Uriah walked into the desert and wept. Burning tears carved their way through the filth that covered his face, mingling with the blood of festering wounds. Bloody raindrops they were, drank by the barren earth in frenzied thirst. Uriah saw the waste that was his suffering, his blood and tears fed to a sterile land, and wept even more.

When no more tears came from his swollen eyes, when his flayed feet could walk across the sands no longer, Uriah knelt and raised his arms towards the heavens and prayed: "Lord, why have You abandoned me? I, Uriah, who worshipped in Your temples, annointed in Your Grace, knowledgeable in Your Word, am cast out to die, to perish here, that the Unclean may devour my flesh and rend my soul. What sin have I committed that You would allow Your loyal servant to suffer such unholy fate?"

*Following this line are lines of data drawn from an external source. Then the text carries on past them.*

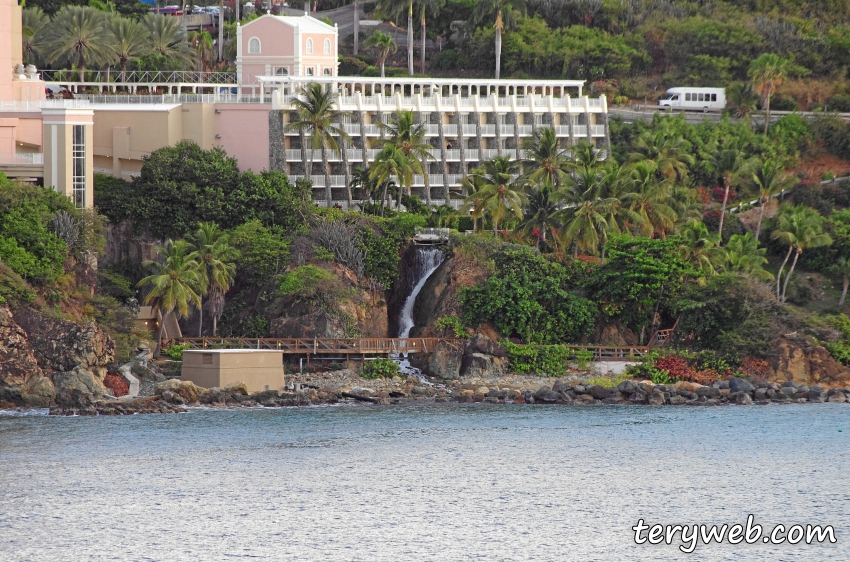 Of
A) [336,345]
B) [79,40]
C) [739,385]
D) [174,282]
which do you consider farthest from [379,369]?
[79,40]

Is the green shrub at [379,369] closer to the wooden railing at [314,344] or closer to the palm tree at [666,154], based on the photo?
the wooden railing at [314,344]

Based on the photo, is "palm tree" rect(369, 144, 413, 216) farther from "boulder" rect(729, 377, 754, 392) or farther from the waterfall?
"boulder" rect(729, 377, 754, 392)

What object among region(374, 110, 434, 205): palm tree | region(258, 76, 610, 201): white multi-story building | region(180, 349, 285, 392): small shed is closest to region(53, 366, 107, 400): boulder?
region(180, 349, 285, 392): small shed

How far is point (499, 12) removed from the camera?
307 ft

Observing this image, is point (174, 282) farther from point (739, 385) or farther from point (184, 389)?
point (739, 385)

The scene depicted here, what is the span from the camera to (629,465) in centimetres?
4919

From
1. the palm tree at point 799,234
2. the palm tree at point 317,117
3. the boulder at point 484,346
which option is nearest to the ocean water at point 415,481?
the boulder at point 484,346

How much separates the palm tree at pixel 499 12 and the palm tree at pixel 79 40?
2348cm

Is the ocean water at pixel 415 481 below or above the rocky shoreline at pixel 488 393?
below

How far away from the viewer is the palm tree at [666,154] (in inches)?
2945

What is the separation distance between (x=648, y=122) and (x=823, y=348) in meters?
25.6

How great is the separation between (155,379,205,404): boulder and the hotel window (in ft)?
35.0

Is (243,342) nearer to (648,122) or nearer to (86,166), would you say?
(86,166)

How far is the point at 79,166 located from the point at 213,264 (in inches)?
301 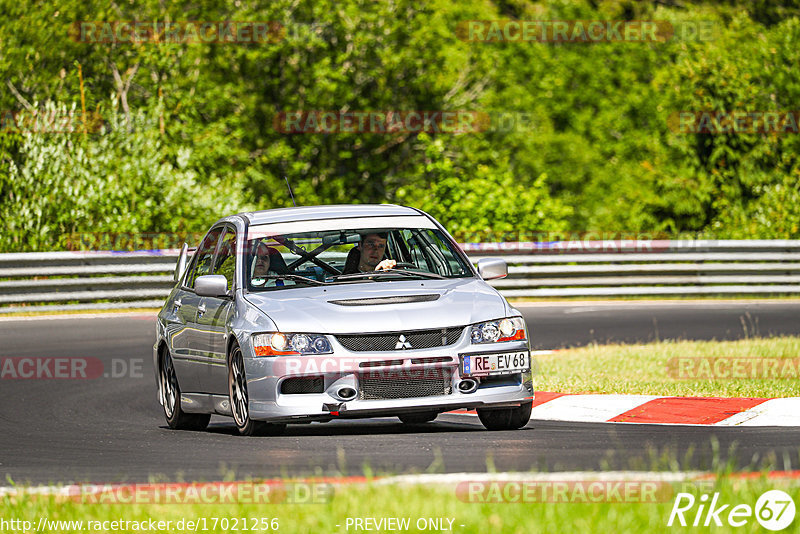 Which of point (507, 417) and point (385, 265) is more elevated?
point (385, 265)

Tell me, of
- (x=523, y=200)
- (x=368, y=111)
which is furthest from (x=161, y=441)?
(x=368, y=111)

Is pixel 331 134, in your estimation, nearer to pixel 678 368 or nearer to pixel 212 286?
pixel 678 368

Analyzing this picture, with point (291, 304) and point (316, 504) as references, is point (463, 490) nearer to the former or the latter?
point (316, 504)

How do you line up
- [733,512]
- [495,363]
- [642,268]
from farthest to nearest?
[642,268] < [495,363] < [733,512]

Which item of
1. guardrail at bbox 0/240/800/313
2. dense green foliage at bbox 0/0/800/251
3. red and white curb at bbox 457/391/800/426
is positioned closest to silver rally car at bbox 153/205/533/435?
red and white curb at bbox 457/391/800/426

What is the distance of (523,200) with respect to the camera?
28688 mm

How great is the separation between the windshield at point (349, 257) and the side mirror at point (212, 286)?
7.1 inches

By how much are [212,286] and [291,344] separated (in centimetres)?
101

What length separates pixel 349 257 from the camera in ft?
35.4

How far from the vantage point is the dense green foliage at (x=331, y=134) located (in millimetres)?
27359

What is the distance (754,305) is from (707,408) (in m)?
13.3

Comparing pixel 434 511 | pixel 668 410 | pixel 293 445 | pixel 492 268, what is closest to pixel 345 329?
pixel 293 445

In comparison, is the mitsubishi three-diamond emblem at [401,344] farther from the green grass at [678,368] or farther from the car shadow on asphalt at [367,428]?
the green grass at [678,368]

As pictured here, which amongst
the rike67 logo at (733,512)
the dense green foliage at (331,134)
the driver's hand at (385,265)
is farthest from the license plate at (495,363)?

No answer came to Uriah and, despairing and exhausted, he resolved to expire amidst the scorching sands.

In the heat of the day did Uriah renounce his life. In the cold of night did dreams come to his dying body.

First came Remembrance, impure thoughts of war and strife. In cruel memory Uriah saw the cities burning, the people abusing His gifts for their own sinful pursuits. Pretenders of His love, unworthy and ungodly, they rent the world apart. Men burned in many-mouthed furnaces, women were raped amidst the ashes of their children. War marched on, merciless, and in its path, in the wake of its orgy of violence and depravity, the Unclean arose like maggots.

And in his dreams Uriah did curse Him for allowing such suffering to take place.

Next came Prophecy, the promise of His eternal love for His children. The Promised Future, the world without pain or sorrow, without sin or damnation, glistened before Uriah, bathed in holy light. Here he saw the Unfertile Lands purified and full of life, smiling multitudes worshipping Him and His Glory. The chants of His people carried praise to every corner of the Earth, so that all who believed may rejoice in their salvation.

But still Uriah did not understand why the blood of millions must be spilt to water the roots of paradise, and in his dreams he did question the ways of his Lord. For what heavenly reward merited such anguish, such horror as man slaughtering man?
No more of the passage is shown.